Peygamberler De Hür De

ğil: 



İslam'a göre, sıradan bir insanın  değil, rehberlik vazifesi ile muvazzaf olan peygamberlerin de aslî vasıfları kulluktur. En büyük insan kabul edilen Hz. Peygamber (aleyissalâtu vesselâm) bile herşeyden önce  "kul"dur. Bizzat kelime-i şehadete dahil edilmiş olan O'nun "kul olmak" vasfı "elçi olmak" vasfından önde gelir (abduhu ve resulühü).  Hatta Hz. Peygamber (aleyissalâtu vesselâm) bu ifadedeki sırayı ters çeviren bir mübtediye müdahele ederek: "Hayır öyle değil, ben peygamber olmazdan önce kul oldum" der ve bu sıranın tesadüfî olmayıp, kasıtlı, düşünceli olduğunu ifade eder(144).



Elçilik vasfı dışında o da diğer insanlar gibi bir insandır. İnsanlara dinî tebliğde bulunurken Allah'tan aldığını bildirir, artırmaz, eksiltmez, kendi hevasından hiçbir şey söylemez, o her söylediğinde vahye dayanır, İlahî irşada istinad eder, İlahî iradeye uymayan hiçbir hükümde, değerlendirmede bulunmaz (Maide 67; Necm 3). Nitekim Hz. Peygamber müşriklerden ve Yahudilerden gelen birkısım sualleri anında cevaplamamış, vahiy beklemiştir.

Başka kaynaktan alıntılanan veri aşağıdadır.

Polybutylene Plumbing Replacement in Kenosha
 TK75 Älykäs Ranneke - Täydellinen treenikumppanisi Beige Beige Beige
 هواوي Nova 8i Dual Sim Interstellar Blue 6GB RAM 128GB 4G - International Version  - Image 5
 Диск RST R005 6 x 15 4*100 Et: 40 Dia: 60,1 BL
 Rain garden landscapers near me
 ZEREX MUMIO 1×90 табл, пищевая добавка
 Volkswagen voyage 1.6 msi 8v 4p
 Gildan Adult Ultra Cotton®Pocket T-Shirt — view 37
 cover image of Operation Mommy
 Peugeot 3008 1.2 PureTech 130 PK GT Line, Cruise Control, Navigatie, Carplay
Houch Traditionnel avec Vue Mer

İslam dininin Peygamberi (aleyhisselam) İlahî tasvib olmaksızın, kendi hevasına göre dinî hüküm koyma selahiyetine sahip olmazsa, onun dışında kalan kimselerin böyle bir selahiyete sahip olmayacağı açıktır. Binaenaleyh hiçbir kimse, mesela ibadetlerin zaman, miktar, şekil ve tarzlarını değiştiremeyeceği gibi, insanlar arasındaki mülkiyet hakkını, insanların mal, can, ırz dokunulmazlığını (dinin belirttiği şartlar tahtında olmaksızın) kaldıramaz. Sözgelimi ayet-i kerimede "Rabbinin rahmetini onlar mı bölüyorlar? Onların bu dünya hayatındaki geçim rızıklarını aralarında biz böldük. Bir kısmını derecelerle diğerinin üstüne çıkardık ki, bir kısmı bir kısmını tutup çalıştırsın" (Zuhruf 32) denmiş iken, çıkıp içtimâî sınıfları kaldırmaya kalkmak, olmayacak bir şeyi talepten öte,  tanrılığını ilan etmek olur.[505]